Breast pumps are medical devices regulated by the US Food and Drug Administration (FDA) to assist women to extract their breast milk. Breast pumps can be used to maintain or increase a woman’s milk supply, relieve engorged breasts and plugged milk ducts, assist in relieving mastitis, or pull out flat or inverted nipples so a nursing baby can latch-on to its mother’s breast more easily. There are three basic types of breast pumps; manual, battery-powered, and electric. Most manual and battery-powered pumps extract milk one breast at a time. Unlike manual and battery-powered pumps, most electric breast pumps are able to extract milk from both breasts at the same time. Most standard manual, battery powered, and electric breast pumps are intended for a single user. Hospital-grade pumps are heavy-duty electric pumps FDA-approved for multiple users. Hospital-grade breast pumps can help to increase milk supply.

Per the FDA, all breast pumps consist of a few basic parts:
  • Breast Shield: a cone-shaped cup that fits over the nipple and the circular area surrounding the nipple (the areola).
  • Pump: creates the gentle vacuum that expresses milk. The pump may be attached to the breast-shield or have plastic tubing to connect the pump to the breast-shield.
  • Milk Container: a detachable container that fits below the breast-shield and collects milk as it is pumped. The container is typically a reusable bottle or disposable bag that can be used to store the milk or be attached to a nipple and used for feeding a baby.
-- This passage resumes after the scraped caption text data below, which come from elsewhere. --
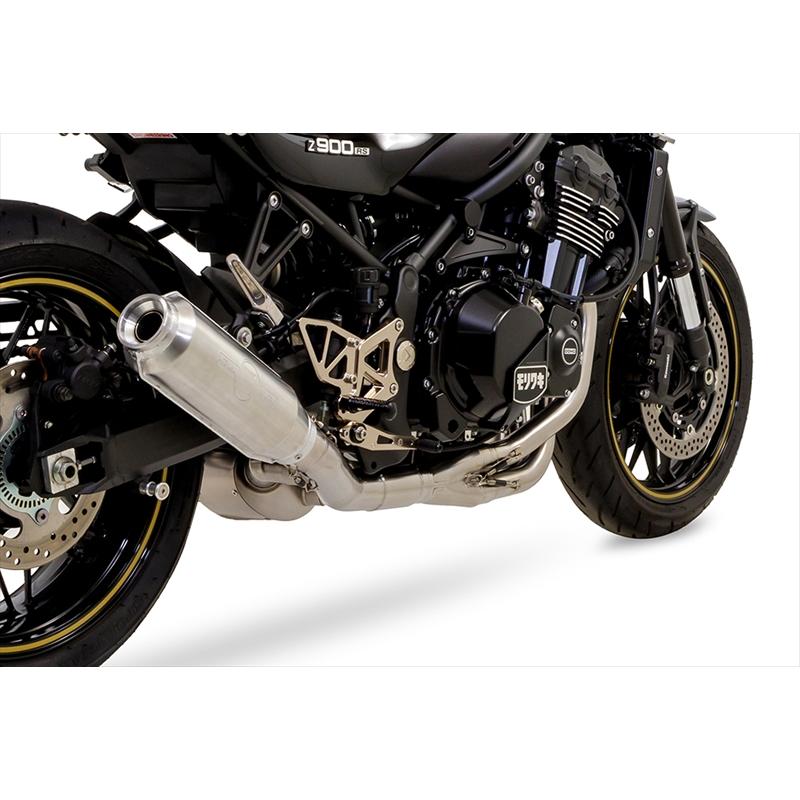 モリワキ　モンスター　マフラー バイクパーツ マフラー モリワキエンジニアリング MORIWAKI MONSTER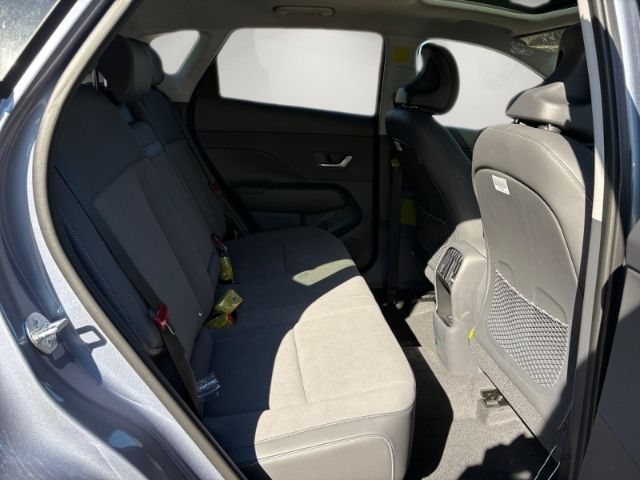 Hyundai KONA - Bild 13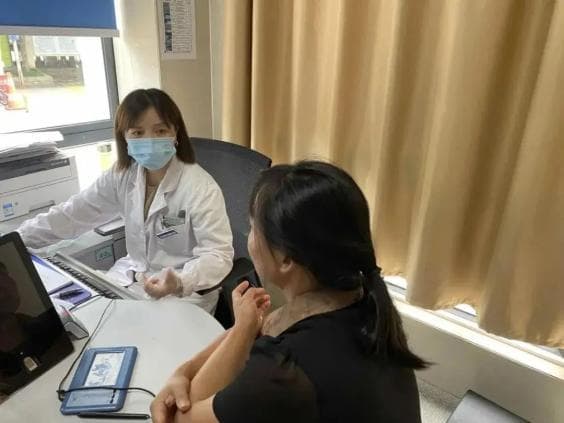 高发期来临！狂犬病暴露的处置方式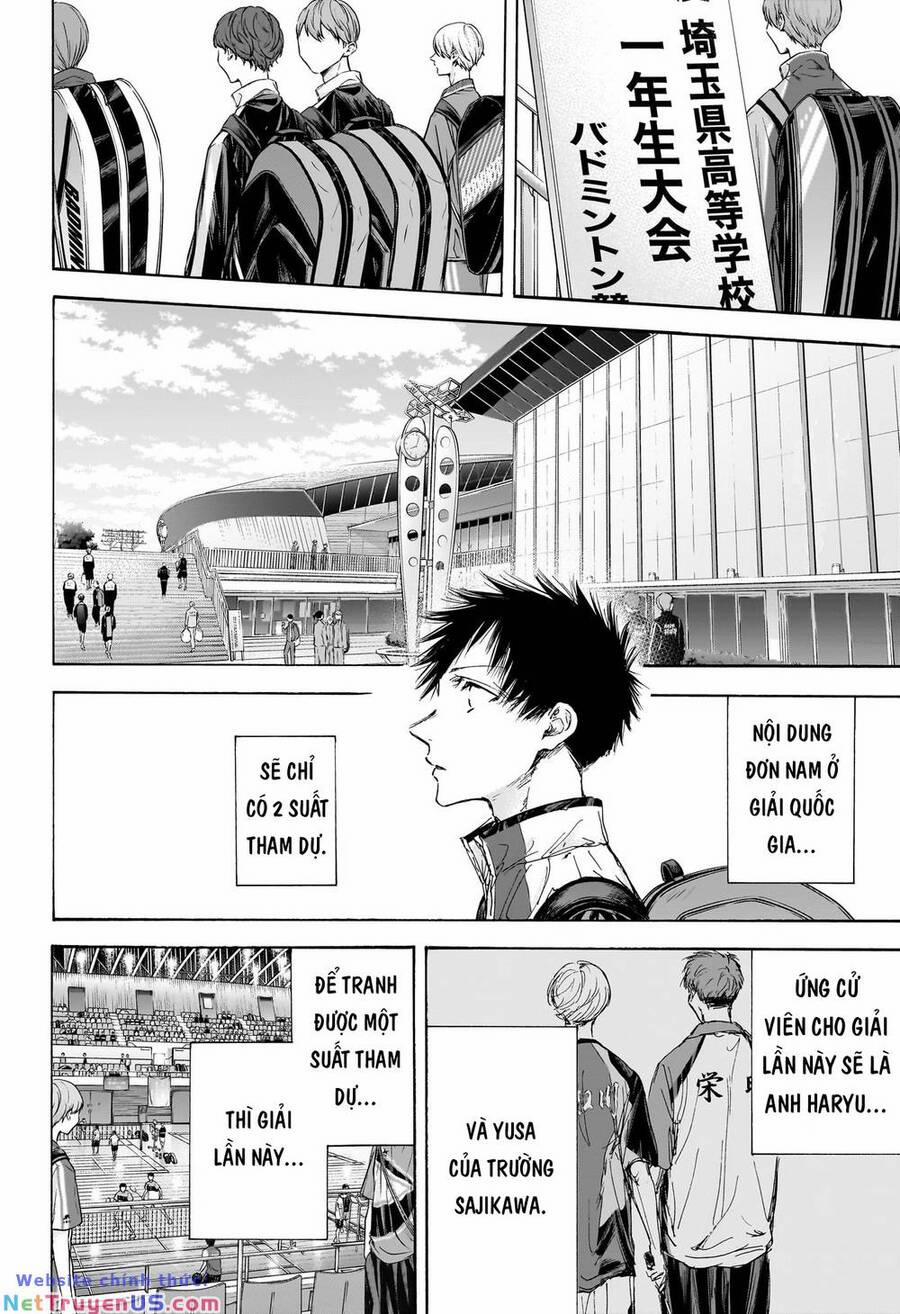 Blue Box 115 trang 2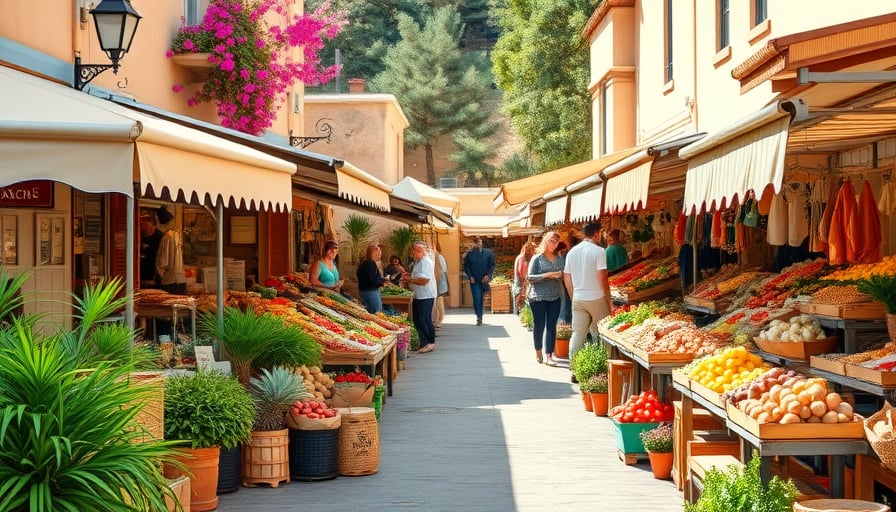 Investors Eye CAVA Group: $52.65 Price, 55% Volatility & Premium Valuation Investors Eye CAVA Group: $52.65 Price, 55% Volatility & Premium Valuation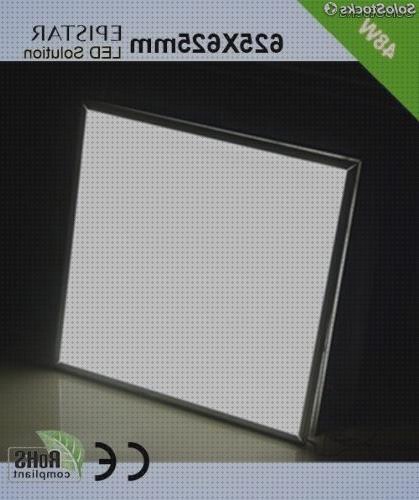 Las mejores marcas de pantalla led led pantallas de luz led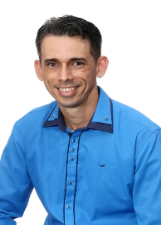 Foto de VALMIR RODRIGUES DA ROCHA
The breast pump also has associated supplies required for the function of the pump, such as tubing, breast pump bottle and cap, breast shield and splash protector, locking ring for bottle cover, and tubing adapters that allow the breast milk to be pumped directly into the baby bottle, instead of the breast pump bottle.

Additional breast pump supplies may be offered with the pump (e.g. ice packs, travel bag, cleaning supplies) but, may not be integral to the functioning of the breast pump.

RECOMMENDATIONS FOR BREAST PUMPS
In accordance with the Affordable Care Act, the US Department of Health and Human Services recommends the costs of renting breastfeeding equipment is a preventive service and is, therefore, covered at no cost-share for an individual for the duration of breastfeeding. This recommendation was based on the Institute of Medicine’s Clinical Preventive Services for Women: Closing the Gaps report. This report stated it is important for mothers to have access to obtaining a breast pump to maintain their milk supply and improve overall breastfeeding rates.

Hospital-grade breast pumps are beneficial for infants who have difficulty breastfeeding for anatomic or mechanical reasons or who are hospitalized or otherwise separated from their mother for a prolonged period. The AAFP recommends that a mother use a hospital-grade pump to prevent reduction in milk supply during long periods of maternal-infant separation due to maternal or neonatal issues. The prolonged period of separation is usually due to the baby being in the neonatal intensive care unit (NICU).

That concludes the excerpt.